5:01am | The title of this piece is not mine — hence the quotation marks — but is taken from a
comment made by "Dave" in response to the post about this month's print edition of the Long Beach Post, which has a cover story I wrote called "Gay Long Beach: A Work in Progress."
Dave's reference is, of course, to the LGBT Pride Parade occurring Sunday. And since Dave — who calls himself "a political liberal and an atheist[,] so don't start yelling at me for my outdated [V]ictorian morals" — says he's "not being sarcastic" and really "want[s] to know," I thought I'd take a shot, one straight-atheist-liberal to another.
The subtext of your question, Dave, is: Why should someone be proud of one's sexual preference — or skin color, gender, etc.? And I hear you. These things are not achievements, not something like winning an Olympic medal or graduating summa cum laude. Being gay is not something you do. And so what's to be proud of? Gays didn't do anything; they didn't achieve gayness.
Then again, being American is not something you do, either. But say you're not proud to be an American, and most Americans look at you like you're a traitor. So don't pretend you're puzzled by people's pride in simply being, because in these United States that sort of pride is the status quo.

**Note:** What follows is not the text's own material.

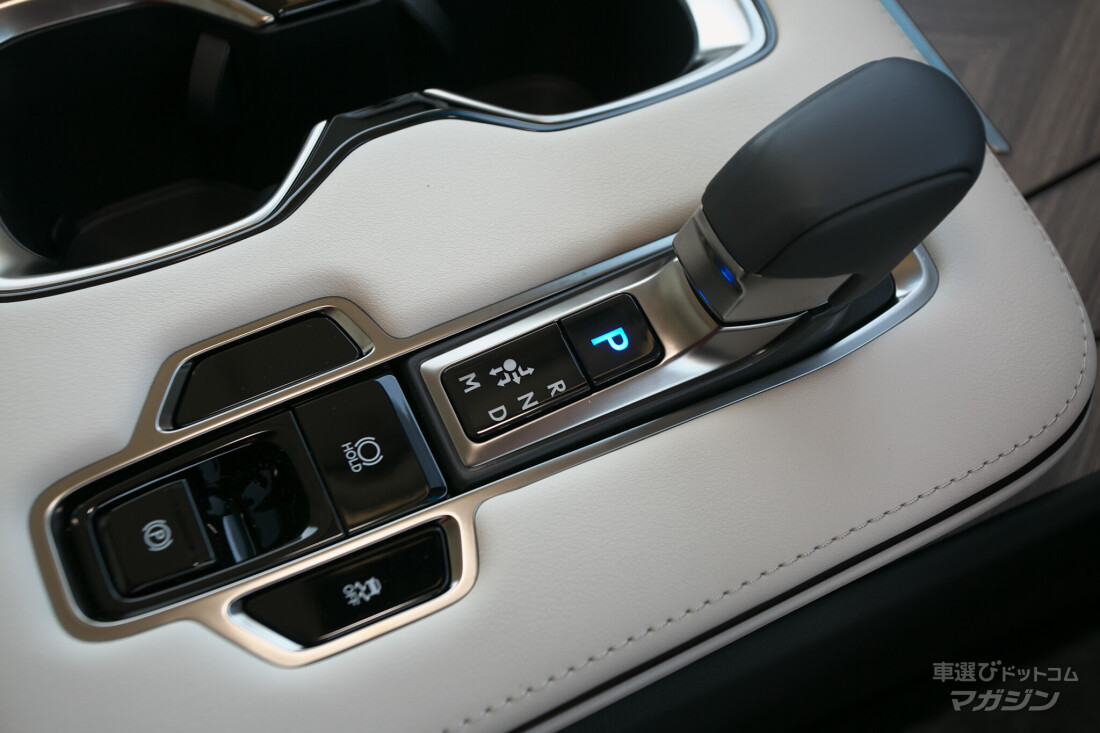 レクサス LM 500h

But that's not really what "gay pride" is all about. What it's really about is that for pretty much the entirety of recorded history — right up to 2011 and beyond — in pretty much every place in the world, individuals who are attracted to others of their same gender have been shamed.
(That's not quite right: shaming is the least of it. They've been beaten and tortured and murdered. But we don't even need to go there to make the point. We'll stick with "shamed.")
If you were shamed for a part of your very identity — especially if it's a part that you did not self-determine — what would you do? Would you be cowed by the shaming and emotionally castrate yourself? Personally, I would hope that this is exactly what you would not do.
So let's say you personify my hope, and society's shaming does not cow you. Even so, it probably could not but affect you. How? An understandable reaction would be to rebel against it, to reject it, to go to the opposite pole. Society tells you to be ashamed? Screw that! You're not gonna be ashamed of being [fill-in-the-blank] — you're proud of it!
In 1968, James Brown encapsulated this type of reaction — in his case, to the shaming (and much worse) done to the black community by white society — in one of his classic songs: "Say it loud: I'm black and I'm proud!" Today you can hear the gay community's similar reaction to the shaming (etc.) still being suffered at the hands of straight society (such as by way of Proposition 8 — but we'll get to your question about gay marriage in a sec) in chants like, "We're here, we're queer — get used to it!"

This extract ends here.